Despite all the first findings: "At least since the Biosphere II experimental series, we begin to understand complex ecological relationships in the approach. The bottom line is that even a simple greenhouse already has amazingly complex processes, "concludes Gernot Grömer.
In that sense, it is amazing that a huge ecosystem like Earth works - despite the influence of man. How long will it be up to its inhabitants? One thing is certain: the new living space will not be there for a long time, neither under a glass dome nor on a distant star.


Astrobiologist Gernot Grömer on the Mars simulations, the preparations for future expeditions to the red planet, technical obstacles and why we should travel to Mars at all.

In August, astrobiologist Grömer & Co tested the exploration of a Mars glacier on the Kaunertal glacier.
In 2015, astrobiologist Grömer & Co tested the exploration of a Mars glacier on the Kaunertal Glacier.

"We have been carrying out Marssimulation for years and communicate this in numerous publications and specialist congresses - in Austria we were able to occupy a research niche at an early stage, which is developing very rapidly.
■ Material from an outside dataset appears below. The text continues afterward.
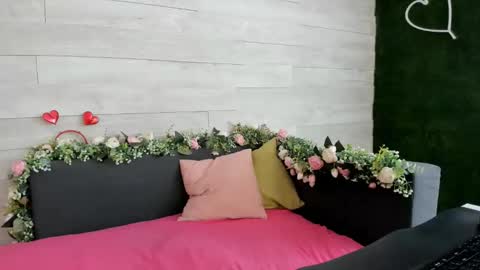 Snapshot of hugeboobserin chatting on 02/25/25, 12:13 Erin online show from 02/25/25, 12:13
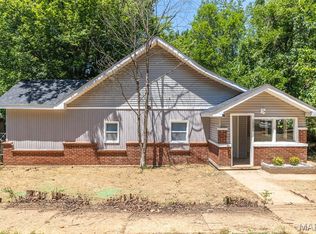 1331 Benton St, Poplar Bluff, MO 63901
The quintessence is quite simple: the devil is in the detail. What do I do if a critical component fails on a circuit board in the space suit? How exactly does the energy demand for spacecraft look and how much can you expect an astronaut? For future missions we have to bring with us - even for space travel - exceptionally high levels of redoubt, quality and ability to improvise. For example, 3D printers will surely be part of the standard equipment of lunar stations.
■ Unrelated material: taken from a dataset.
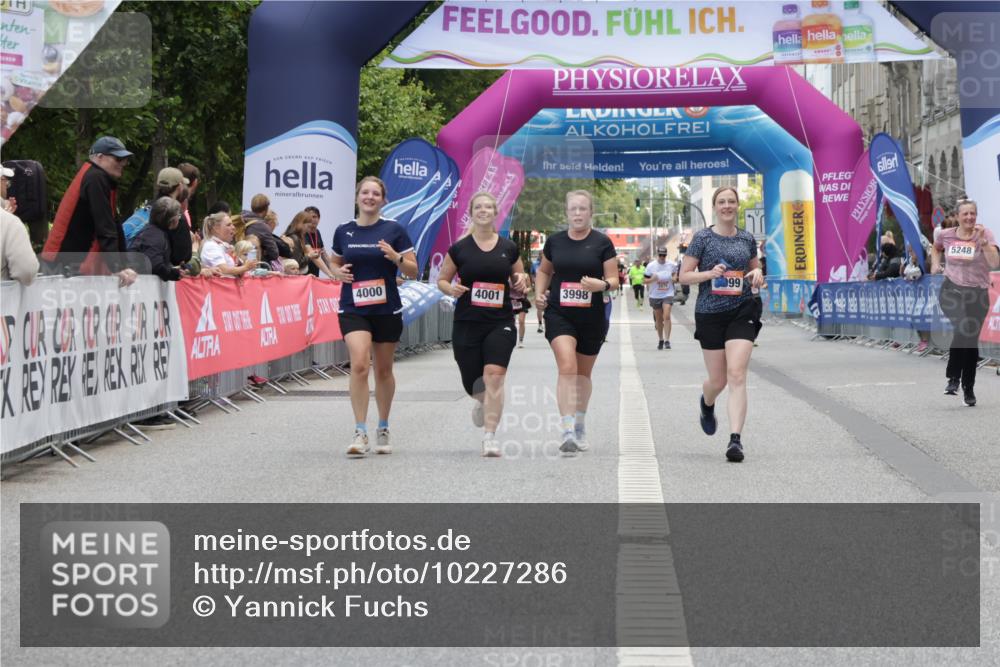 06.09.2026 - CURREX Alsterlauf Yannick Fuchs http://msf.ph/oto/10227286 06.09.2026 10:25:23 Ziel 4000, 6333 meine-sportfotos.de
Simulation at the Kaunertal Glacier
We are currently working on a Mars simulation in August 2015: At 3.000 meters above sea level on the Kaunertal Glacier we will be simulating the exploration of a Mars glacier under space conditions for two weeks. We are currently the only group in Europe to do research on this, so the international interest is correspondingly high.
We have numerous "construction sites" - from radiation shielding, efficient energy storage, water recycling, and most of all, how to use a small set of equipment and laboratory instruments to do science as efficiently as possible on Mars. What have we learned so far: In a large-scale Marssimulation in the North Sahara, we were able to show that (fossil, microbial) life under space conditions is detectable. That may not sound like much, but it shows that in principle we are slowly learning to understand the tools and work processes under which a safe and scientifically successful mission can be targeted.

"Because it's there".
There are many greens to travel around to Mars: the (scientific) curiosity, for some maybe economic considerations, technological spin-offs, the possibility for peaceful international cooperation (as it has been practiced at the International Space Station as a peace project since 17 years ). The most honest answer, however, is how she gave Sir Mallory, to the question of why he first climbed Mount Everest: "Because it's there".
I think we humans have something in us that sometimes makes us wonder what is beyond the horizon and that, in turn, to our astonishment, has contributed to survival as a society. We humans were never intended as "regional species," but spread out across the planet. "

Photo / Video: Shutterstock,, Katja Zanella-Kux.

Written by Helmut Melzer

As a longtime journalist I have long asked myself the question, which would actually make sense from a journalistic point of view. My answer to that you can see here: Option. To show alternatives in an idealistic way - for positive developments of our society.